- **The input**
┄┄┄┄┄┄┄┄┄┄
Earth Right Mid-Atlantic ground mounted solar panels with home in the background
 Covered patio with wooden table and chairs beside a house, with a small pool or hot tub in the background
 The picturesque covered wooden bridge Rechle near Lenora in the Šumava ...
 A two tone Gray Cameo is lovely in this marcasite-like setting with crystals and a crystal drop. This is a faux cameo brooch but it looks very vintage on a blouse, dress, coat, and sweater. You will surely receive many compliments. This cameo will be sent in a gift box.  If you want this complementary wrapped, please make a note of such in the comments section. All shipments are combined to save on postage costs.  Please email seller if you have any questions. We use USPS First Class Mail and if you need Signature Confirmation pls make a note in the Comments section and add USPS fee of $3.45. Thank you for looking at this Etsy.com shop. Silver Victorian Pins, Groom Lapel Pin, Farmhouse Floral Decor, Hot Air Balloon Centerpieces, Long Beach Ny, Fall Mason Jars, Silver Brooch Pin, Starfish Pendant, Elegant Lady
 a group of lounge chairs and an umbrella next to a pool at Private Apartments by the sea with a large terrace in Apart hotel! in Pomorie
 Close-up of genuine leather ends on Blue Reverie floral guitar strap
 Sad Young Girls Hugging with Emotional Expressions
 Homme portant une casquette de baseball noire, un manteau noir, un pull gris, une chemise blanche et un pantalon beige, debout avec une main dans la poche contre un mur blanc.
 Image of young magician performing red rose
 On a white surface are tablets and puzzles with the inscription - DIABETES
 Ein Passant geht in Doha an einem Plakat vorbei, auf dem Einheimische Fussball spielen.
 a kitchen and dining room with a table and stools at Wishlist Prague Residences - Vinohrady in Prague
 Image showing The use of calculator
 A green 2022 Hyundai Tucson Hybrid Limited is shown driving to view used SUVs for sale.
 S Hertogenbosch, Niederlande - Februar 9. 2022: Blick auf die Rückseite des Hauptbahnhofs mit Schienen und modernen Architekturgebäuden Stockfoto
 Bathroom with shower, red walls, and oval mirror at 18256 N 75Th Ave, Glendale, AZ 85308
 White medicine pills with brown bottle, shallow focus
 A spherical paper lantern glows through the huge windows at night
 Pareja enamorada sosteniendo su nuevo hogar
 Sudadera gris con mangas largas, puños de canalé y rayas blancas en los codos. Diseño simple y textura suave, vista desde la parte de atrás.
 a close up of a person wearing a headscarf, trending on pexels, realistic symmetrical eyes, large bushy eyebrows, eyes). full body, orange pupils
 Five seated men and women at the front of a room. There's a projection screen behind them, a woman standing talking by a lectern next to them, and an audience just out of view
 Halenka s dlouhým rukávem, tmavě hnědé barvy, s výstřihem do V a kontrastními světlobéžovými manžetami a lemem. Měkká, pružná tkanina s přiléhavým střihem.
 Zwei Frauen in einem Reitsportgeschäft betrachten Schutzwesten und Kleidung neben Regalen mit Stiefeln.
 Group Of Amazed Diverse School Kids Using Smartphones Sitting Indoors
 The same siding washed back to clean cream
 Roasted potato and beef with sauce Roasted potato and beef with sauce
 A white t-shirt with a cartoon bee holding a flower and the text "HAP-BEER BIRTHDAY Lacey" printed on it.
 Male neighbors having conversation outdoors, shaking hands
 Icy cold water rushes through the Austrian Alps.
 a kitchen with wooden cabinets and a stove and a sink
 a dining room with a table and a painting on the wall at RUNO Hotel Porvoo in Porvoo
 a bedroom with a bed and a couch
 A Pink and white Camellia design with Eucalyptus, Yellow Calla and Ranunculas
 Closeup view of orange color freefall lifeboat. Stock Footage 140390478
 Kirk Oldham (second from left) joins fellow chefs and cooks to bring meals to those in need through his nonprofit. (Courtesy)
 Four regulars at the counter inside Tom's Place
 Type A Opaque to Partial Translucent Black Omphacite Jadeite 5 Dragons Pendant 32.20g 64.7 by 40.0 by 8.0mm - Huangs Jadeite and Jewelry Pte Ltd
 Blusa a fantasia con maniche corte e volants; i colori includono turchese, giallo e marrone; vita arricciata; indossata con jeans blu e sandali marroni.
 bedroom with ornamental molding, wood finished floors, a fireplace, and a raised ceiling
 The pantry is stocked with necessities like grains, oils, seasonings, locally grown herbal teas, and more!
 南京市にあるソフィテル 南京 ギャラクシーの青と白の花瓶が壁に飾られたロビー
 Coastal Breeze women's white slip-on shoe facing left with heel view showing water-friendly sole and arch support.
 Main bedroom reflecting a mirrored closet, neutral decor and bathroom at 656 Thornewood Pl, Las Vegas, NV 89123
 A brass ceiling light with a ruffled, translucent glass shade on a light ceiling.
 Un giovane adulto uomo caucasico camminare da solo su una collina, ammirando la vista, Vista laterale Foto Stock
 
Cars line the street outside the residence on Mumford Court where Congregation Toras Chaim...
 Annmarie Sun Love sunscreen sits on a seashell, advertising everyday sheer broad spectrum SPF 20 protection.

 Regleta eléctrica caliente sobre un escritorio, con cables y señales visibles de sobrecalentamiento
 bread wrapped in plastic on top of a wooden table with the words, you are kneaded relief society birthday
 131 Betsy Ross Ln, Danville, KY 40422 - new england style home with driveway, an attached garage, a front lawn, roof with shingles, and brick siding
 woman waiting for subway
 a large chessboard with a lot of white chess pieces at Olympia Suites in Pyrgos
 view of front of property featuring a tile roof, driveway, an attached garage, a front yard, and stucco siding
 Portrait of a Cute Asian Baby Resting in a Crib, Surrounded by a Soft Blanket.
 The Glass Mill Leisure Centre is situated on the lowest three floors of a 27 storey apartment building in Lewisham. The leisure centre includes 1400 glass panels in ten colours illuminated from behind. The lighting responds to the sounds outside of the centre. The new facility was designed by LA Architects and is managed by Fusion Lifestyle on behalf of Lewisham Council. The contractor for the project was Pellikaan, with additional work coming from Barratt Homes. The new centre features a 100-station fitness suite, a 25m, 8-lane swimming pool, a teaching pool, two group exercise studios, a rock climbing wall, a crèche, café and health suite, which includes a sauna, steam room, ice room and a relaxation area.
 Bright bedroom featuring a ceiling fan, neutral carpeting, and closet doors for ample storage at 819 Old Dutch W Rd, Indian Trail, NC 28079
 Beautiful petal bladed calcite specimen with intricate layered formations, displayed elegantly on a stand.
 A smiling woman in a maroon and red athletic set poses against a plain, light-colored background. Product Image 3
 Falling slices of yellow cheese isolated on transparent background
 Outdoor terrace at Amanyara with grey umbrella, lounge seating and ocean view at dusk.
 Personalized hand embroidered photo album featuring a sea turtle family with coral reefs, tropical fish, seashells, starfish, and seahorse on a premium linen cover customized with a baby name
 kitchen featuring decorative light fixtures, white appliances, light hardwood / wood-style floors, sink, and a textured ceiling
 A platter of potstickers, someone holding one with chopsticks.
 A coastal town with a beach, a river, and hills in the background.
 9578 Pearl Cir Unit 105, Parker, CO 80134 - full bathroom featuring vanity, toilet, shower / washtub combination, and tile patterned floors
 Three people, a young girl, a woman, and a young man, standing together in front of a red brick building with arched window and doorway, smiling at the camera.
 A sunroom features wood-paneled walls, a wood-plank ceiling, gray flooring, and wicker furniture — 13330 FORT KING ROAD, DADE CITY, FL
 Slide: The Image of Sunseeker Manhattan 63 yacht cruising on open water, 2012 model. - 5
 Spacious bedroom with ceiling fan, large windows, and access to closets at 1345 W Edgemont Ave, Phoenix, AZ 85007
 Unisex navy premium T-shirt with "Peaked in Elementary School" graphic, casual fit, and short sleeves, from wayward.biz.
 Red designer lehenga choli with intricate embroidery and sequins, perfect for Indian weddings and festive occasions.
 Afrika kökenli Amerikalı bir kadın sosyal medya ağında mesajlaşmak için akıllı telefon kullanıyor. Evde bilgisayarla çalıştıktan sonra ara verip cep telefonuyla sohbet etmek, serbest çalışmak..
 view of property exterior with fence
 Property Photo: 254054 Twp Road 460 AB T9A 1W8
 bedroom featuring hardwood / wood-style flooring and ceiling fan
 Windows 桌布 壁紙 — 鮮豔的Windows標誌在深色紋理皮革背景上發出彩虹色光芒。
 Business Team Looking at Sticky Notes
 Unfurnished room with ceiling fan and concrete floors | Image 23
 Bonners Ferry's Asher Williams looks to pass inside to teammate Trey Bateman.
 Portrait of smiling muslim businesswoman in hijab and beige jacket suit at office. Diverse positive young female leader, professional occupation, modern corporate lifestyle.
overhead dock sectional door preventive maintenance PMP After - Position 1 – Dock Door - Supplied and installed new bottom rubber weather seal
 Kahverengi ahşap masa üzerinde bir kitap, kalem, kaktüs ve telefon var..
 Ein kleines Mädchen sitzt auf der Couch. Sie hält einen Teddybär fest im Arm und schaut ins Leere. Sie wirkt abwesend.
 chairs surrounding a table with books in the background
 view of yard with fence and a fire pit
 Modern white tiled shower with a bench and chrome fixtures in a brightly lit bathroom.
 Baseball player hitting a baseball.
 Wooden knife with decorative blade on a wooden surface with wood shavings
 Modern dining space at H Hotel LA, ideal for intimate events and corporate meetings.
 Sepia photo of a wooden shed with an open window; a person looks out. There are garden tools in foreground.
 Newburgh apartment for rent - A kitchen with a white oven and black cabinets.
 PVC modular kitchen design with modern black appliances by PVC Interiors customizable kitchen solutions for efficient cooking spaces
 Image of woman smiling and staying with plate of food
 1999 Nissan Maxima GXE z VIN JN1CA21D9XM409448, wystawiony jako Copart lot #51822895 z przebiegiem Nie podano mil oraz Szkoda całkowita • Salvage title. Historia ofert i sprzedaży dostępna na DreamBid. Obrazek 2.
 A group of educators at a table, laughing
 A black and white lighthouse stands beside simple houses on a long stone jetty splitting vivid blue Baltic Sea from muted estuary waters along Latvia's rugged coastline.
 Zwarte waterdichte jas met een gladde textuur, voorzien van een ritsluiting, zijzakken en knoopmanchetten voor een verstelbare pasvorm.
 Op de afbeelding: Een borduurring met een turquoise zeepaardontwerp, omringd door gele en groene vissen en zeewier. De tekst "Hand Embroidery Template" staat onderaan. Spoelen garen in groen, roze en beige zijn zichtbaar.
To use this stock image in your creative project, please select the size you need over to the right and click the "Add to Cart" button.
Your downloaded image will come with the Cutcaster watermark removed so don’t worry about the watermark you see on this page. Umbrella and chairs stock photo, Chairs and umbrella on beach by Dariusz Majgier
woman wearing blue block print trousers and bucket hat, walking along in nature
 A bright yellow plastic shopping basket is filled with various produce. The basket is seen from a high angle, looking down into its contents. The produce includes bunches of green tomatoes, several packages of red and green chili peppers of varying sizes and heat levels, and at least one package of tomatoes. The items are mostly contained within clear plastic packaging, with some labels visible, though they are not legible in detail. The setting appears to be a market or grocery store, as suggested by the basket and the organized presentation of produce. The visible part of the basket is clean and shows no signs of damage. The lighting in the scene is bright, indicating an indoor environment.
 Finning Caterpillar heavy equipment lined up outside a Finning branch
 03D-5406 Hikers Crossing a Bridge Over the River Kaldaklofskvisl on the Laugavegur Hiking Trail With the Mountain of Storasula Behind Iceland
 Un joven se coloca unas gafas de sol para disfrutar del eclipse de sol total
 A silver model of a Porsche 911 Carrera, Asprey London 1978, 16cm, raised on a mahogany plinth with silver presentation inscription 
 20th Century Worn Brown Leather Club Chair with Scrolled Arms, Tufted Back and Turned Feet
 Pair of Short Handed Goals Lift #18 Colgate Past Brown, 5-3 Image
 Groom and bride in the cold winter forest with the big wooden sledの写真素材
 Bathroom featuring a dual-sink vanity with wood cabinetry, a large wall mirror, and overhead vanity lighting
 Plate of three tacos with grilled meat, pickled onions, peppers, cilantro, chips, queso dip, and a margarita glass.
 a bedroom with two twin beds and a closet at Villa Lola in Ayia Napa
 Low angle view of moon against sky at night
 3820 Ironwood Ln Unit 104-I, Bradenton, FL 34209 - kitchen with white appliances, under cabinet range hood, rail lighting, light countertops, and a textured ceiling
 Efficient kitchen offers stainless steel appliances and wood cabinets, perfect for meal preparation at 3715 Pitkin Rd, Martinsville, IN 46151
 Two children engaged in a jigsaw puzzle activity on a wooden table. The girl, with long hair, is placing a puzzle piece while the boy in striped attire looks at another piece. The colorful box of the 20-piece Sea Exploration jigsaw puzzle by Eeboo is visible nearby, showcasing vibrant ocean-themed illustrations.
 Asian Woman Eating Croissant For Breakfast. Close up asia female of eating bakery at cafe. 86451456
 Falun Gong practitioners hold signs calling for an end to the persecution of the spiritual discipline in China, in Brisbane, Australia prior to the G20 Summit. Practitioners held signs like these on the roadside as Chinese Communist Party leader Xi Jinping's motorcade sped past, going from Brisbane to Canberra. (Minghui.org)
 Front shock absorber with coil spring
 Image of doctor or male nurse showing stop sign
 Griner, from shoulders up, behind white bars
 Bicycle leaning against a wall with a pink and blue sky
┄┄┄┄┄┄┄┄┄┄
- **About this exercise**
Filter the material for the word "wearing" and copy each matching line.

- **Output for this task**
 a close up of a person wearing a headscarf, trending on pexels, realistic symmetrical eyes, large bushy eyebrows, eyes). full body, orange pupils
woman wearing blue block print trousers and bucket hat, walking along in nature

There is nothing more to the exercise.